Freshen up the mattress. Whenever I strip the bed, I give the mattress about three spritzes of fragrance. I used up a bottle of Stella McCartney Stella this way, then moved on to Prince Matchabelli Wind Song, and now am partway through a bottle of Thierry Mugler Cologne. Once fresh bedding is on, the scent is present but mild. Every once in a while I spray my pillows, too. You can buy special linen spray, but why not use what you already have?
Perfume your pets. I like to spray the dog's bed with something to mingle with his delicious corn chip fragrance. Tex's bed has a removable cover, and when it's in the wash I spray his bed with whatever strikes my fancy, most recently Annick Goutal Duel, but I also like the chocolate-currant-green floral of Annick Goutal Eau de Charlotte. Once I tried Jean Desprez Bal à Versailles, but it ended too funky for a dog. My cat, Mae West, has silky fur that holds fragrance beautifully. She would smell lovely in L'Artisan Parfumeur Drôle de Rose, but I don't have that, so I lightly spray her two favorite nap spots with Parfum D'Empire Eau Suave when I'm feeling luxurious and Wind Song when I'm not.
Use as room spray. Kevin does this. I've never fully related to the concept of room spray — I mean, do you just spray it everywhere? In the air? And it just hits the floor and sits there? — so I don't do it. But you might want to give it a try.
Spray on your lampshades. Most of my lampshades are made of old fabric, and none are pristine white, so I don't worry about staining them. I like to spray my lampshades with Molinard Habanita and Laura Mercier Minuit Enchanté. As the lampshades heat up (this obviously doesn't work well with compact fluorescent bulbs) the fragrance dissipates. I find it doesn't last longer than an evening.

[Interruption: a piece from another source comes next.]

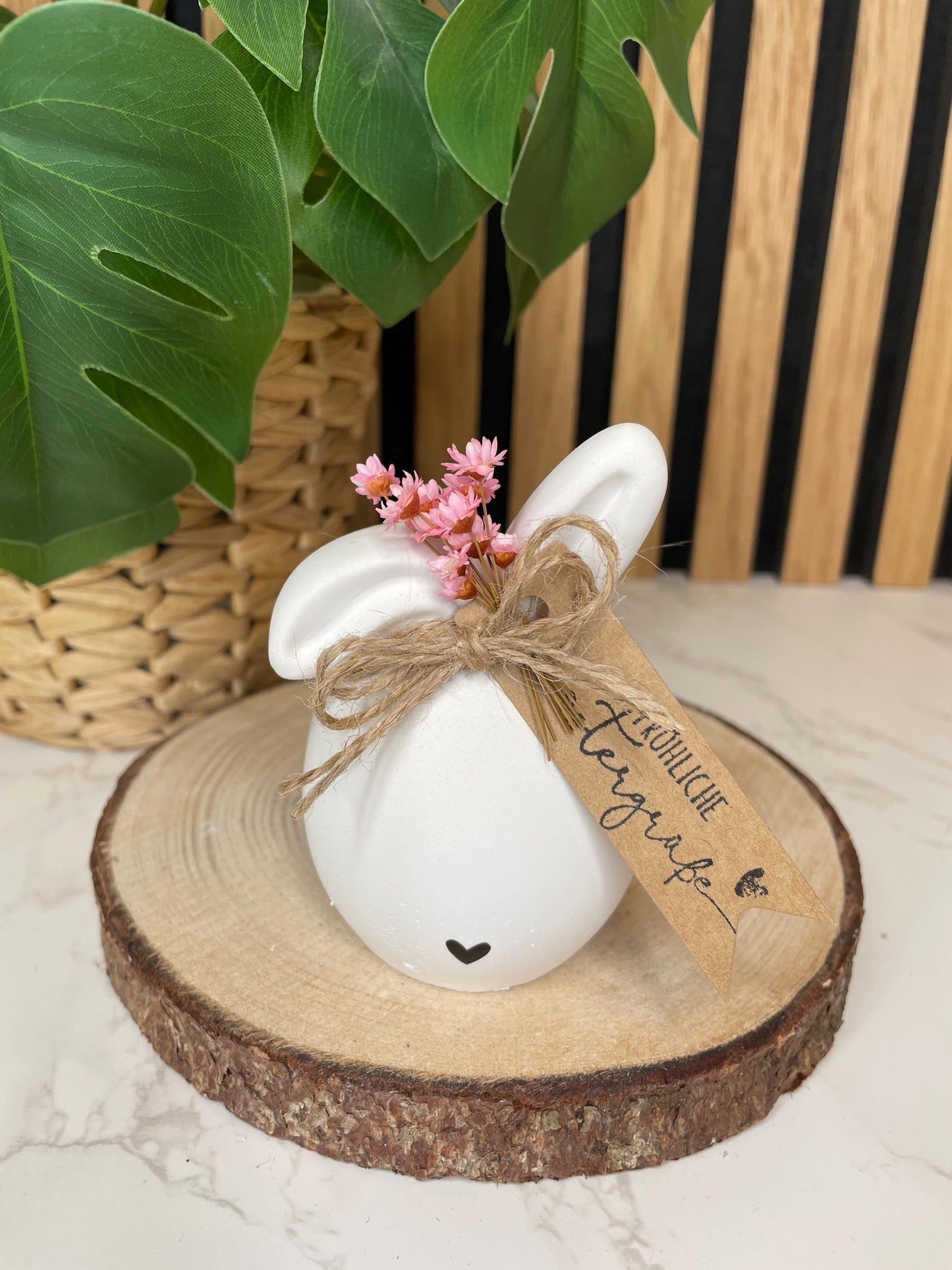 Raysin Osterhasen / verziert mit Herzchen und getrockneten Blumen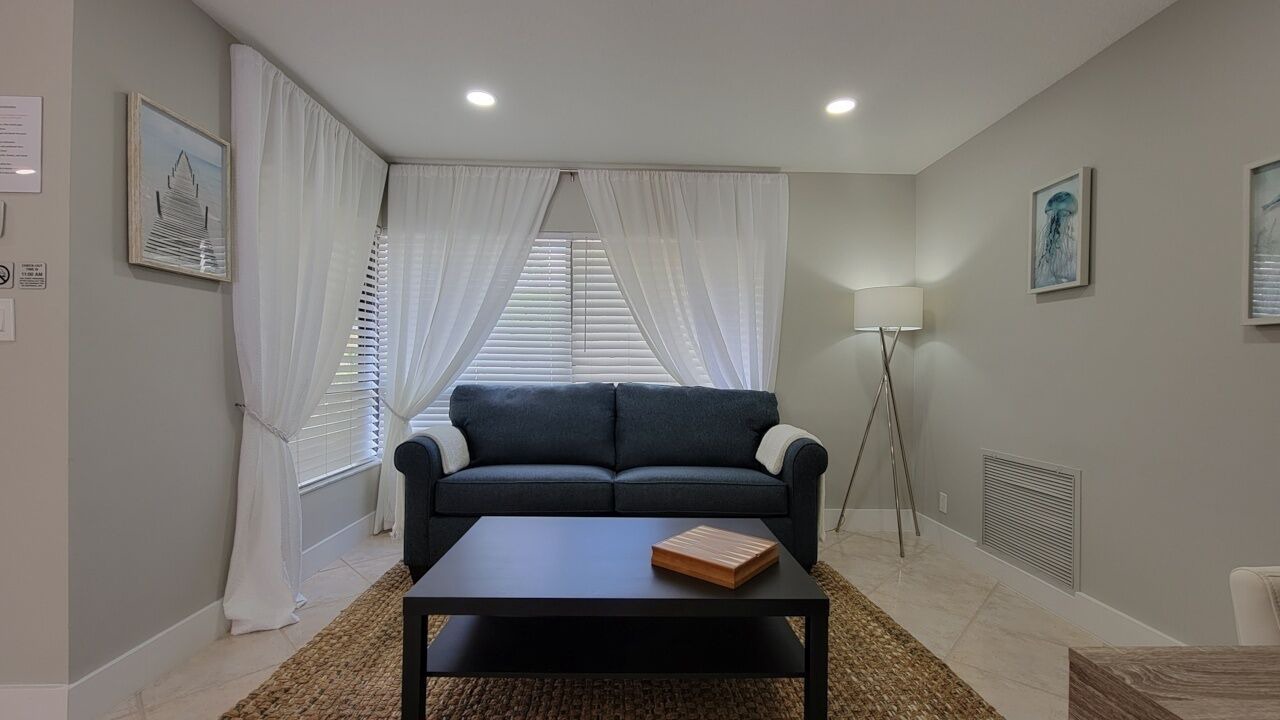Photo of Livingroom in Boca Raton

Scent your room. A few years ago a Now Smell This reader suggested dumping sample vials of perfume into a few tablespoons of uncooked rice. It works, but it needs stirred daily to reawaken the fragrance, and its throw isn't very far. Still, a pretty teacup of rice infused with a sample of Christian Dior Dune in the bathroom would be very nice.
Perfume your laundry. I've saved the best tip for last. When I proposed doing this post, Robin mentioned she'd always wondered about spraying perfume on unscented dryer sheets. Even though I wasn't quite ready to do laundry today, in the interest of science I washed a half load of underwear and towels. About halfway through the dryer's cycle, I tossed in a cotton handkerchief sprayed generously with Mugler Cologne. My laundry came out gorgeously, gently scented — and the handkerchief smelled so good I tucked it in my purse right away. This is a tip I'll be putting to use regularly.
What about you? Do have any extracurricular uses for perfume you'd like to share?